As can be seen, compared to the constant-base "NTK-RoPE-old" and "NTK-RoPE-fixed", the "NTK-RoPE-mixed" derived from the mixed base brings a significant improvement. Moreover, it requires no fine-tuning, making it a "free lunch." Additionally, it is evident that the logn version has better extrapolation performance, but the logn trick needs to be added during the pre-training phase.

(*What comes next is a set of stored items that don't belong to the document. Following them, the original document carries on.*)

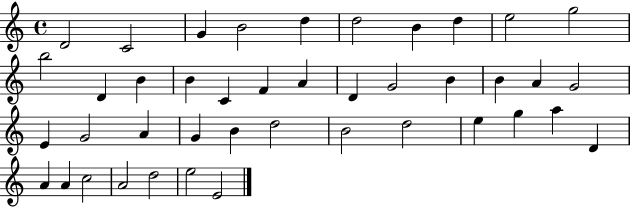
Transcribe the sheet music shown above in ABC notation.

X:1
T:Untitled
M:4/4
L:1/4
K:C
D2 C2 G B2 d d2 B d e2 g2 b2 D B B C F A D G2 B B A G2 E G2 A G B d2 B2 d2 e g a D A A c2 A2 d2 e2 E2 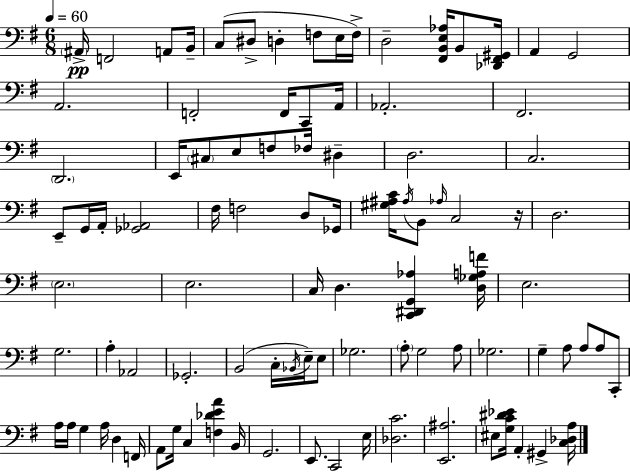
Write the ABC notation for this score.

X:1
T:Untitled
M:6/8
L:1/4
K:Em
^A,,/4 F,,2 A,,/2 B,,/4 C,/2 ^D,/2 D, F,/2 E,/4 F,/4 D,2 [^F,,B,,E,_A,]/4 B,,/2 [_D,,^F,,^G,,]/4 A,, G,,2 A,,2 F,,2 F,,/4 C,,/2 A,,/4 _A,,2 ^F,,2 D,,2 E,,/4 ^C,/2 E,/2 F,/2 _F,/4 ^D, D,2 C,2 E,,/2 G,,/4 A,,/4 [_G,,_A,,]2 ^F,/4 F,2 D,/2 _G,,/4 [^G,^A,C]/4 ^A,/4 B,,/2 _A,/4 C,2 z/4 D,2 E,2 E,2 C,/4 D, [C,,^D,,G,,_A,] [D,_G,A,F]/4 E,2 G,2 A, _A,,2 _G,,2 B,,2 C,/4 _B,,/4 E,/4 E,/2 _G,2 A,/2 G,2 A,/2 _G,2 G, A,/2 A,/2 A,/2 C,,/2 A,/4 A,/4 G, A,/4 D, F,,/4 A,,/2 G,/4 C, [F,_DEA] B,,/4 G,,2 E,,/2 C,,2 E,/4 [_D,C]2 [E,,^A,]2 ^E,/2 [G,C^D_E]/4 A,, ^G,, [C,_D,A,]/4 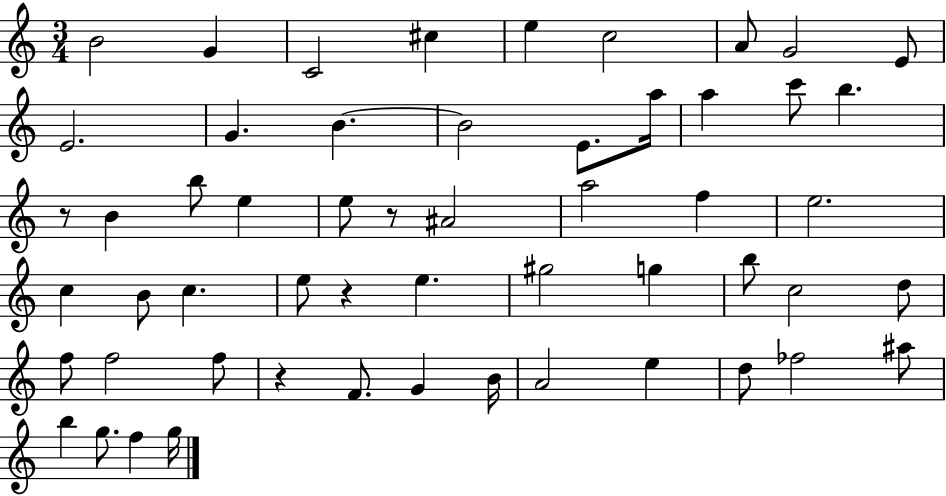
{
  \clef treble
  \numericTimeSignature
  \time 3/4
  \key c \major
  \repeat volta 2 { b'2 g'4 | c'2 cis''4 | e''4 c''2 | a'8 g'2 e'8 | \break e'2. | g'4. b'4.~~ | b'2 e'8. a''16 | a''4 c'''8 b''4. | \break r8 b'4 b''8 e''4 | e''8 r8 ais'2 | a''2 f''4 | e''2. | \break c''4 b'8 c''4. | e''8 r4 e''4. | gis''2 g''4 | b''8 c''2 d''8 | \break f''8 f''2 f''8 | r4 f'8. g'4 b'16 | a'2 e''4 | d''8 fes''2 ais''8 | \break b''4 g''8. f''4 g''16 | } \bar "|."
}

Some readers have previously asked if models like LLAMA, which did not include the logn trick during pre-training, can still enjoy the "dividends" of logn. After testing, I found that the effect can be improved by adding the following scale factor:

\begin{equation} \max(1, \log_{\text{maxlen}} n) \label{eq:14} \end{equation}

Here, $maxlen$ is the maximum length during pre-training. In this article's experiments, it is 512; in LLAMA, it is 2048; in LLAMA2, it is 4096. This can be implemented by multiplying each $q_n$ by the corresponding factor. This way, the part within $maxlen$ is unaffected, while the part beyond is scaled by logn. This serves as a simple transition. The results are as follows (using $\dagger$ to distinguish from the original logn):

Test Length	512 (Train)	4096 (Repeated)	4096 (Non-repeated)
NTK-RoPE-fixed	49.41%	51.86%	39.61%
NTK-RoPE-logn†-fixed	49.41%	55.94%	41.11%
NTK-RoPE-mixed	49.41%	53.09%	40.12%
NTK-RoPE-logn†-mixed	49.41%	59.11%	42.38%

It can be seen that this $\text{logn}^{\dagger}$ can also be considered a free lunch. In short, if you plan to perform pre-training from scratch, you might as well add the logn trick in advance. If the training is already complete, you can use Equation \eqref{eq:14} instead and add NTK-RoPE-mixed to achieve better Context extension effects.

Summary

In this article, we revisited the $\beta$-base perspective of RoPE and attempted to generalize NTK-aware Scaled RoPE. Inspired by the mixed base concept, we obtained a superior strategy for extending Context length without fine-tuning. Finally, experimental results demonstrated its effectiveness.